Je conseille l'édition Folio, avec une préface d'Emmanuel Leroy-Ladurie qui analyse les sources d'inspiration de Balzac et sa théorie économique, et d'où il ressort que derrière les approximations, Balzac est un bon ethnologue amateur. Il y a aussi un dossier avec des scènes coupées au montage. ^^
J'ai moyennement aimé ce Balzac, pour plusieurs raisons. Raisons formelles, tout d'abord : le synopsys du roman (cf plus bas, pour qui ne craint pas les spoils) révèle que la narration repose lourdement sur de longs monologues au cours desquels un personnage raconte son passé ou développe ses théories. Sans doute le médecin est-il un portrait idéal d'une facette de ce qu'aurait aimé être Balzac. Toute la première partie, sur le rôle du médecin dans le développement d'une quasi-utopie rurale, est bien loin du ton habituel de ses romans : on est dans Rousseau, dans Thomas More. Le cadre matériel est décrit, bien sûr, mais pas tant que ça.

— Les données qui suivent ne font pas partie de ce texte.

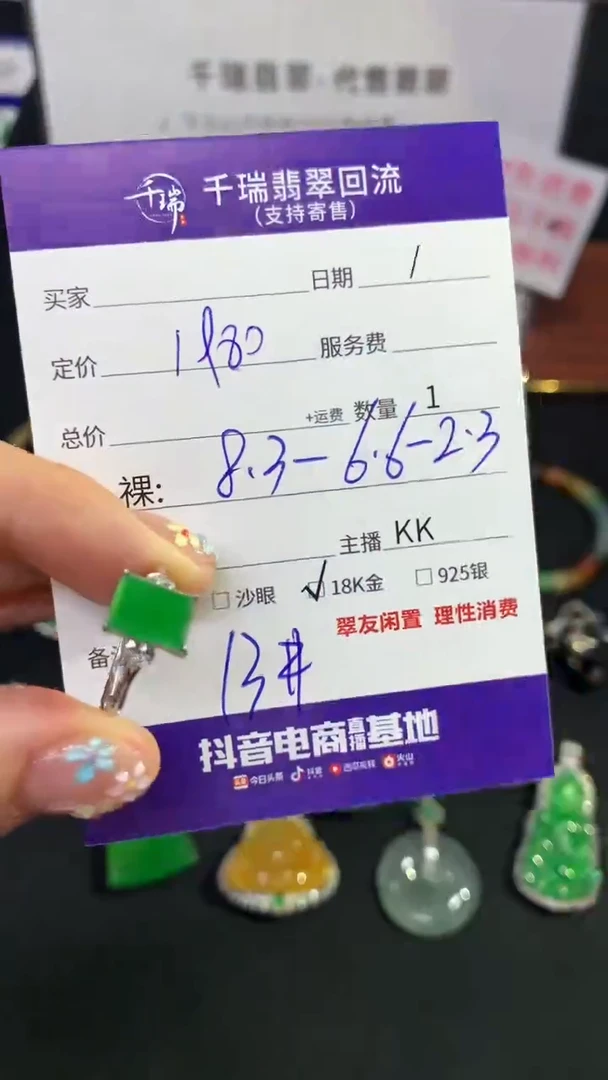 翡翠戒指18K金镶嵌戒指不退不换|1980+0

Raisons personnelles, ensuite : j'ai grandi dans un village des Pyrénées, et je ne retrouve pratiquement pas les sentiments forts que ressent qui a grandi près des montagnes. Ce qui me saute aux yeux, d'ailleurs, c'est la quasi absence de notation d'odeurs : le talent de Balzac est visuel, il délaisse complètement le sens olfactif. De plus, ses tentatives de morceaux de bravoure sur les nuages dorés par le soleil couchant semblent plus stéréotypés que naturels. En montagne, on sent la distance, les ombres qui s'allongent, les contrastes... Il a beau faire, Balzac n'est pas dans son élément naturel, et ça se sent.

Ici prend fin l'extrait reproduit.